§ THE PROBLEM
Copy out every line below without alteration.

_ _ _ _ _ _ _

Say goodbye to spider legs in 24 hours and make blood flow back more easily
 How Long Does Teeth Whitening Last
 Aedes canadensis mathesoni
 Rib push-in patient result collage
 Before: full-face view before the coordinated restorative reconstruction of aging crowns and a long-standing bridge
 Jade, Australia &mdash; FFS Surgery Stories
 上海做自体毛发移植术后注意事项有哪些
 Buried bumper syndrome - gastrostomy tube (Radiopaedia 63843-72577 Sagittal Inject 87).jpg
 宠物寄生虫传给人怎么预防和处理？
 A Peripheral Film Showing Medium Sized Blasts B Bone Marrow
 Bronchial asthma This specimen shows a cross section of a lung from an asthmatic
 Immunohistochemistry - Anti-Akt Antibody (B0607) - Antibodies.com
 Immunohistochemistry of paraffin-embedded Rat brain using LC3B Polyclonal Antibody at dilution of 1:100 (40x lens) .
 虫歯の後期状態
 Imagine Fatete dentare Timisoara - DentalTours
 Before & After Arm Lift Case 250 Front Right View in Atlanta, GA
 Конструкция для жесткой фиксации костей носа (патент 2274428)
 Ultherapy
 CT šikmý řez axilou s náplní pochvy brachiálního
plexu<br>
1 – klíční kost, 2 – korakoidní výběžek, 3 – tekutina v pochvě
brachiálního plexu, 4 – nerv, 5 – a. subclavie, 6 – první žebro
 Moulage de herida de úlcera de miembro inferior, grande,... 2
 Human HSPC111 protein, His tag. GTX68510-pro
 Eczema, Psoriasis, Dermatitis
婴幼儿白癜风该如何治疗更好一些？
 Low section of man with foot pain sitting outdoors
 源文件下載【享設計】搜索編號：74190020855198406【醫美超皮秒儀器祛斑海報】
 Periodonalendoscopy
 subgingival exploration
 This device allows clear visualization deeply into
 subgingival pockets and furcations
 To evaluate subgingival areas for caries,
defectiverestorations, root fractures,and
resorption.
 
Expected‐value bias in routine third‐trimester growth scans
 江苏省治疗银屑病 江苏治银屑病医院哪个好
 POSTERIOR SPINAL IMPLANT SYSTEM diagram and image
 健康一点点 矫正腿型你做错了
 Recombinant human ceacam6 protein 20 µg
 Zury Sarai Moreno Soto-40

_ _ _ _ _ _ _

§ TASK RESPONSE
Say goodbye to spider legs in 24 hours and make blood flow back more easily
 How Long Does Teeth Whitening Last
 Aedes canadensis mathesoni
 Rib push-in patient result collage
 Before: full-face view before the coordinated restorative reconstruction of aging crowns and a long-standing bridge
 Jade, Australia &mdash; FFS Surgery Stories
 上海做自体毛发移植术后注意事项有哪些
 Buried bumper syndrome - gastrostomy tube (Radiopaedia 63843-72577 Sagittal Inject 87).jpg
 宠物寄生虫传给人怎么预防和处理？
 A Peripheral Film Showing Medium Sized Blasts B Bone Marrow
 Bronchial asthma This specimen shows a cross section of a lung from an asthmatic
 Immunohistochemistry - Anti-Akt Antibody (B0607) - Antibodies.com
 Immunohistochemistry of paraffin-embedded Rat brain using LC3B Polyclonal Antibody at dilution of 1:100 (40x lens) .
 虫歯の後期状態
 Imagine Fatete dentare Timisoara - DentalTours
 Before & After Arm Lift Case 250 Front Right View in Atlanta, GA
 Конструкция для жесткой фиксации костей носа (патент 2274428)
 Ultherapy
 CT šikmý řez axilou s náplní pochvy brachiálního
plexu<br>
1 – klíční kost, 2 – korakoidní výběžek, 3 – tekutina v pochvě
brachiálního plexu, 4 – nerv, 5 – a. subclavie, 6 – první žebro
 Moulage de herida de úlcera de miembro inferior, grande,... 2
 Human HSPC111 protein, His tag. GTX68510-pro
 Eczema, Psoriasis, Dermatitis
婴幼儿白癜风该如何治疗更好一些？
 Low section of man with foot pain sitting outdoors
 源文件下載【享設計】搜索編號：74190020855198406【醫美超皮秒儀器祛斑海報】
 Periodonalendoscopy
 subgingival exploration
 This device allows clear visualization deeply into
 subgingival pockets and furcations
 To evaluate subgingival areas for caries,
defectiverestorations, root fractures,and
resorption.
 
Expected‐value bias in routine third‐trimester growth scans
 江苏省治疗银屑病 江苏治银屑病医院哪个好
 POSTERIOR SPINAL IMPLANT SYSTEM diagram and image
 健康一点点 矫正腿型你做错了
 Recombinant human ceacam6 protein 20 µg
 Zury Sarai Moreno Soto-40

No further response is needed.